Table 2 shows that the measured temperature of the liquid immediately after removing the horn was always above the liquidus and decreased with increasing immersion time, as expected.
In the experiments conducted at a starting temperature of 750 °C, where the horn was immersed without applying ultrasound, there was considerably less liquid to be cast as a result of the solid left on the horn. The grains that formed in those castings were large and columnar rather than fine and equiaxed as there was less time for grain multiplication by dendrite shear or stem remelting to occur. In the same experiments conducted at 950 °C, there was far less solid left on the horn and the pouring temperature was considerably higher than the liquidus, which could lead one to expect grain sizes to be commensurate with the sonicated specimens or the specimens cast at similar temperatures. However, despite the higher starting temperature, the chill quickly creates columnar grains on its surface. Due to reduced convection at the chill surface, there is less grain multiplication and any dendrites that are dislodged by natural convection will likely be larger than in sonicated melts. Also, some of the grains at the solidification front, which are relatively large, would be expected to be dislodged when removing the horn. Therefore, the remaining liquid in this case contains large grains and nuclei which continue to grow after the liquid is poured into the mold, thus resulting in a larger grain size or a mixture of small and large grain sizes as reported by Khalifa
et al. [
9] in their samples treated below the liquidus.

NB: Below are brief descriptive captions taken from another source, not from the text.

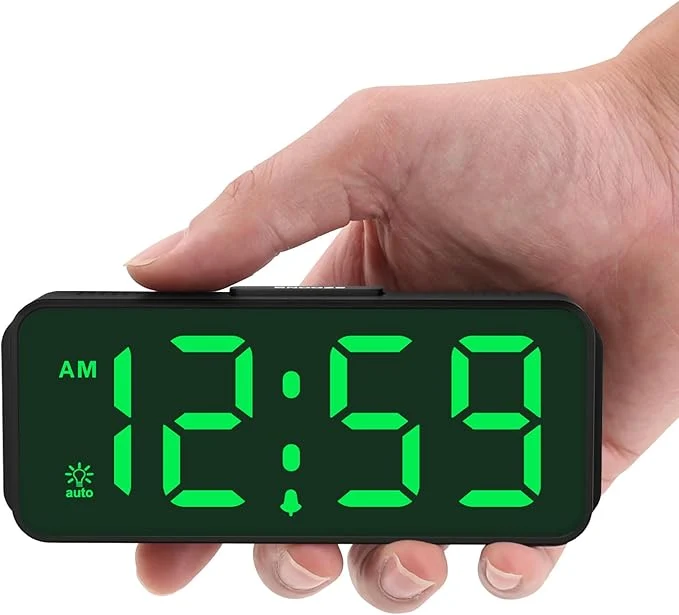 Elite Peakeep Small Battery Powered Digital Alarm Clocks Solid
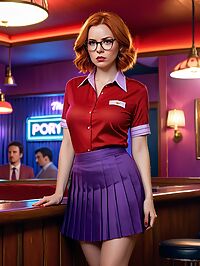 A 42 year old woman with messy ginger hair and dark blue eyes in a red shirt and purple skirt dances on stage at the indoor strip club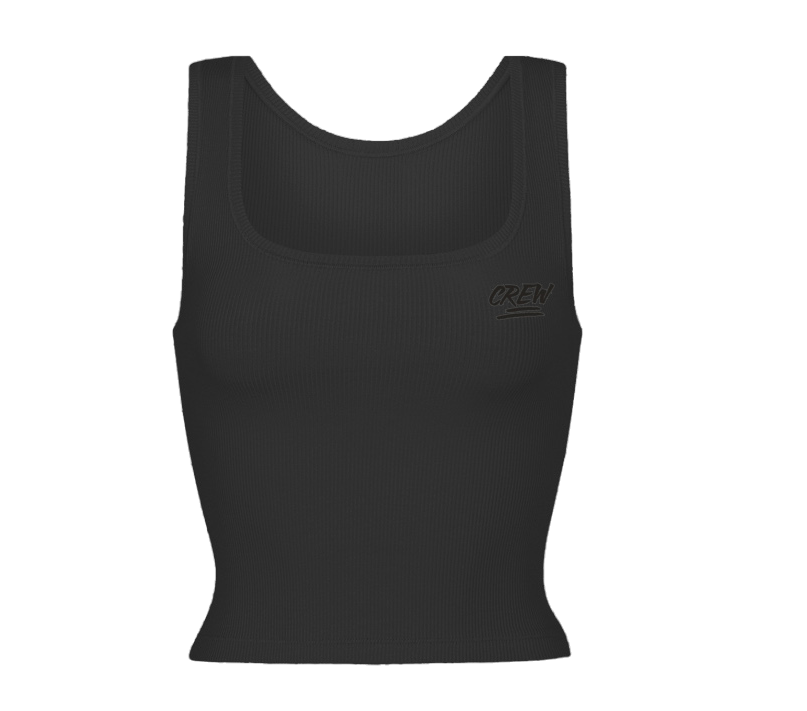 Lady CREW Ribbed Tank Top - Black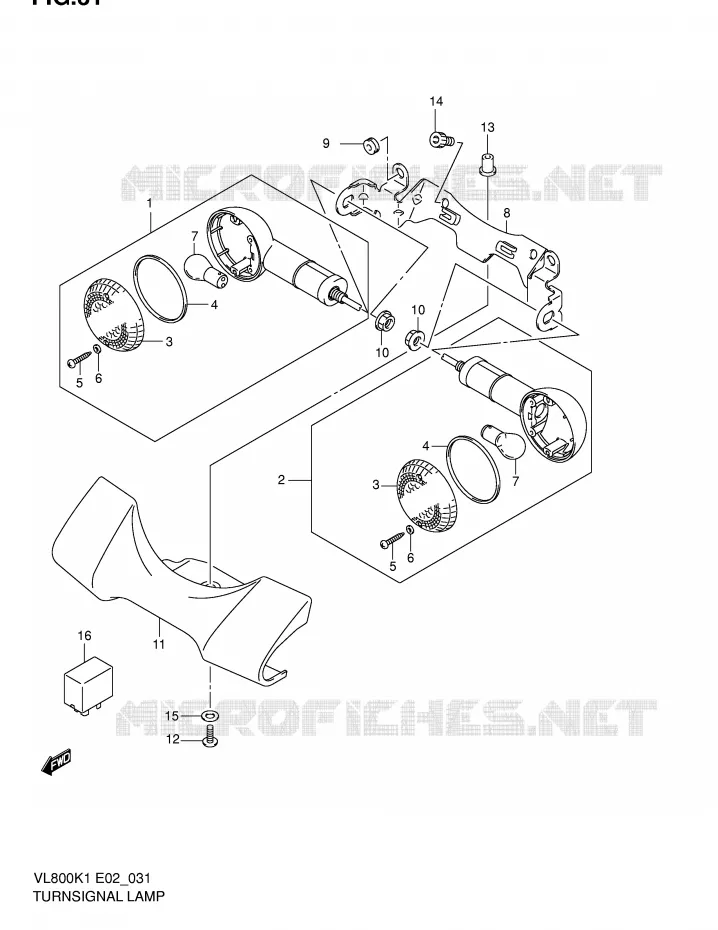 FRONT INDICATOREN (MODELE K1/K2/K3) Suzuki MOTO 800 VOLUSIA 2003  VL800K3(E2)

When UST was applied, it is likely that roughly the same amount of solid formed as when it was not applied. However, mixing from the vibration of the horn causes considerably more nuclei to form as fine dendrites, rather than columnar grains. Due to vibration of the horn, the dendrites that form at the horn become dislodged at the solidification front and are distributed throughout the liquid, thereby forming a semi-solid slurry. Because mixing destroys temperature and concentration gradients, the average temperature of the metal in the crucible is that of the semi-solid, which is between the liquidus and solidus temperatures. As a result, the average temperature of the pourable material in the sonicated specimens (semi-solid at 610 °C) is lower than that of the pourable material that was not sonicated (liquid between 620 and 750 °C) resulting in finer grains.